Bu Çin mitolojisindeki anlatım ile kutsal kitaplardaki anlatım arasında benzerlik dikkati çekiyor.
Devletleri yöneten hakanlar, krallar, sultanlar, tarih boyunca, kendilerini Tanrı’nın (ister tek olan Tanrı, isterse göğün oğlu veya güneşin oğlu olsun) temsilcisi olarak görmüşler ve göstermişlerdir. Arada Firavun gibi, kendini tanrı zannedenler de çıkmıştır, günümüzde de çıkmaktadır.

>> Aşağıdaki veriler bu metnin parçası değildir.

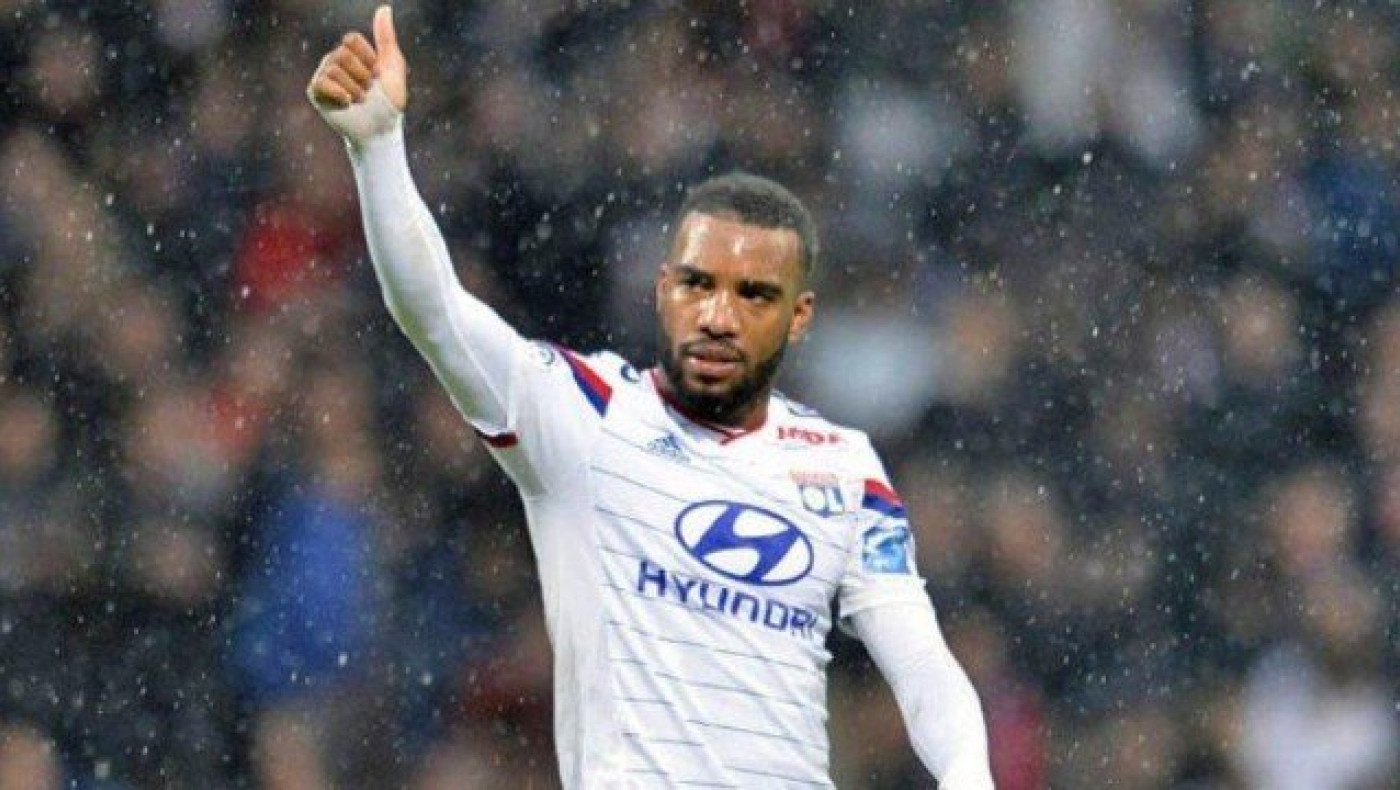 Ψάχνεται για να πάει στην Πρέμιερ Λιγκ ο Λακαζέτ!!!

Demek ki, insanların yapıları aynı olduğundan ve tek Tanrı’nın gönderdiği elçilerin anlattıklarının bir kısmı kulaklarda kaldığından, mitolojiler ve destanlar arasında benzerlikler oluşmuş. O halde günümüzdeki dini ve fikri farklılıkları azaltabilmek için eski destanların ve mitolojilerin benzerliklerinden yararlanmak faydalı olabilir. Çünkü günümüzde de insanların yapıları aynıdır. Dolayısıyla birbirimizle ilişkilerimizde, bizi birbirimize düşüren görünür bilgilerden daha çok, insanlık olarak ortak anlayış ve duygularımız üzerinden yürümekte fayda var.